Cumhurbaşkanı Erdoğan dün Eyüp'te yaptığı konuşmada Ahmet Davutoğlu için, "gönüllerimizde müstesna bir yeri olduğuna inanıyorum. Milletimiz tuğla üstüne tuğla koyanı asla unutmaz. Başbakanımızın hizmetlerini de unutmaz" dedi.
Ve nasıl ki kendisi görevi ona teslim ettiyse onun da bir başkasına teslim edeceğini, bu sürecin bir bayrak yarışı olduğunu vurguladı.
Gayrı mili muhalefet bloğuna soracak olursanız bütün bu yaşananlar bir "siyasi darbe!"
Kaset darbesiyle iktidar bulan Kemal Kılıçdaroğlu, yaşananlara "4 Mayıs Saray Darbesi" diye bir ad bile koymuş.
Bir tanesi "Davutoğlu sayfasının kapatılması, Türkiye'nin giderek artan otoriter, baskıcı bir rejime gidişin açık işareti" demiş.

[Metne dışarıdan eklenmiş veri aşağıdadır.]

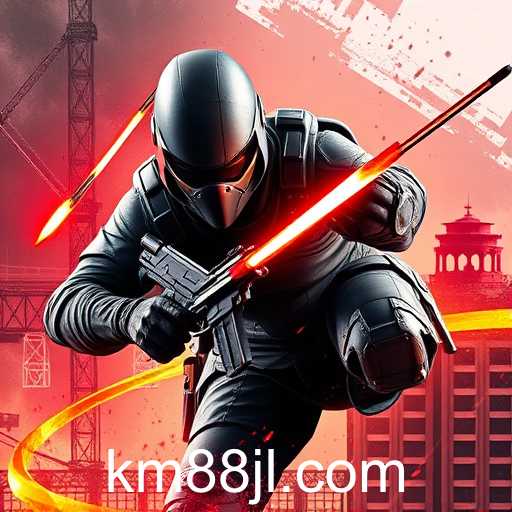 Exploring the Exciting World of Action Games: A Dive into the 'km88' Gaming Sphere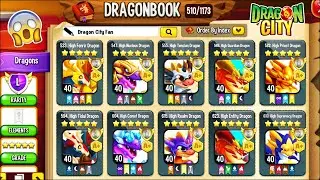 How to Get Heroic Dragon in dragon city for Beginners | PART 2 😱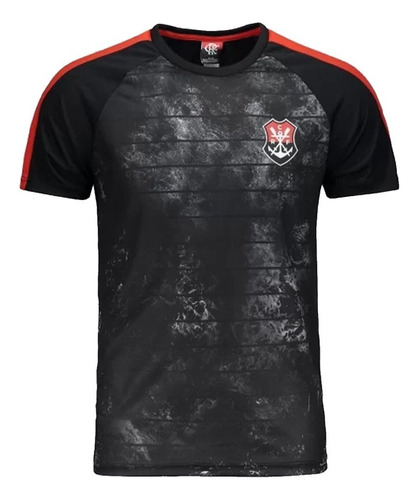 Camisa Flamengo Vein 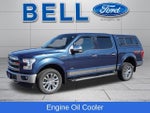 2017 F-150 Thumbnail 9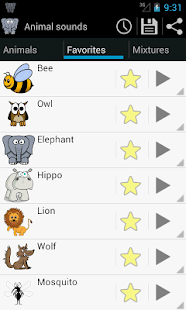 Free Images and sounds of animals APK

Her zamanki gibi, müdahil olamadıkları bir gelişmeyi manipüle ederek siyaset yaptıklarını zannediyorlar işte!
Bir de siyasi kriz beklentisi ile yanıp tutuşanlar var.
Fakat AK Parti cephesinde ne bir kriz emaresi var, ne de bir gerilim işareti.

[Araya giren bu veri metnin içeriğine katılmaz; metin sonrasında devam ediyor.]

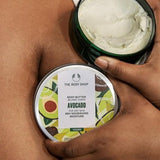 Avocado Body Butter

Erdoğan liderliği devam ettiği müddetçe, rahatlıkla ülkenin ekonomik ve siyasi istikrarının süreceği öngörüsünde bulunabiliriz. Ekonomik göstergelerde kısa süreli bir dalgalanma yaşansa da, hava hızla olumluya döndü. Kurumların kendi mecrasında başarılı biçimde ilerlediğini görüyoruz. Dış politika, terörle mücadele, dokunulmazlıklar gibi kritik süreçlerde bir aksama yaşanmayacağı da ortada. Genel başkan değişimi tek başına erken seçimi de tetiklemez.
Türkiye 2014'te halkoyuyla seçilen bir Cumhurbaşkanının göreve başlamasıyla birlikte yeni siyasi gerçeklikle karşı karşıya kaldı.
Bu gerçekliğin bir yanı, ülkenin fiili bir yarı başkanlığa geçmiş olmasıydı.
Diğeri ise, seçilmeden önce ülke meselelerinde taraf olacağını, anayasal sınırlar çerçevesinde yetkilerini sürekli kullanacağını, koşan, terleyen bir Cumhurbaşkanı olacağını söyleyen bir aktörün göreve gelmesiydi.
Davutoğlu, Erdoğan'ın Cumhurbaşkanlığı sonrasında oluşan yeni siyasal gerçeklik zeminini okumak ve ona uygun davranmak noktasında yer yer sıkıntılar yaşadı.
Bu da devletin tepesinde senkronizasyon ve uyum sorunlarının baş göstermesi sonucunu beraberinde getirdi.
AK Parti yönetimi bu gidişata müdahale etti ve Davutoğlu da bunu görüp ayrılacağını duyurdu.
Sağlıklı bir süreç işledi. Eğer bu süreç kendi akışına bırakılsaydı bu takdirde ortaya çok büyük bir güven bunalımı ve vizyon farklılaşması çıkacaktı. Bu da iki istenmeyen sonuç doğuracaktı.
1. Belirli meselelerdeki kısmi ayrışmaların ötesinde ağır siyasi krizler.
2. Türkiye'nin içerideki ve dışarıdaki şer odaklarının müdahalelerine çok daha açık hale gelmesi.
Bundan sonra ne olacak? Süreç sağlıklı biçimde ilerliyor. 22 Mayıs'ta yeni genel başkan ve ardından da yeni başbakan belli olacak. Türkiye yoluna devam edecek.
Bu süreçten sonra toplumun ve partinin beklentisi, yeni genel başkanın ve başbakanın Erdoğan'ın siyasi vizyonu ile uyumlu bir figür olmasıdır.
Partinin önümüzdeki süreçte şimdi olduğundan çok daha fazla bütünleşik bir yapıya kavuşacağını düşünebiliriz.
AK Parti'nin 2019'a kadar atması gereken birçok adım var.
Yeni gelecek aktör, Türkiye'nin ihtiyacı olan sistem dönüşümünü, büyüme ve kalkınma sürecini koordine etmek, ülkenin karşı karşıya kaldığı saldırıların bertaraf edilmesine katkı sunmak gibi ağır yükleri sırtlanmak zorunda kalacak.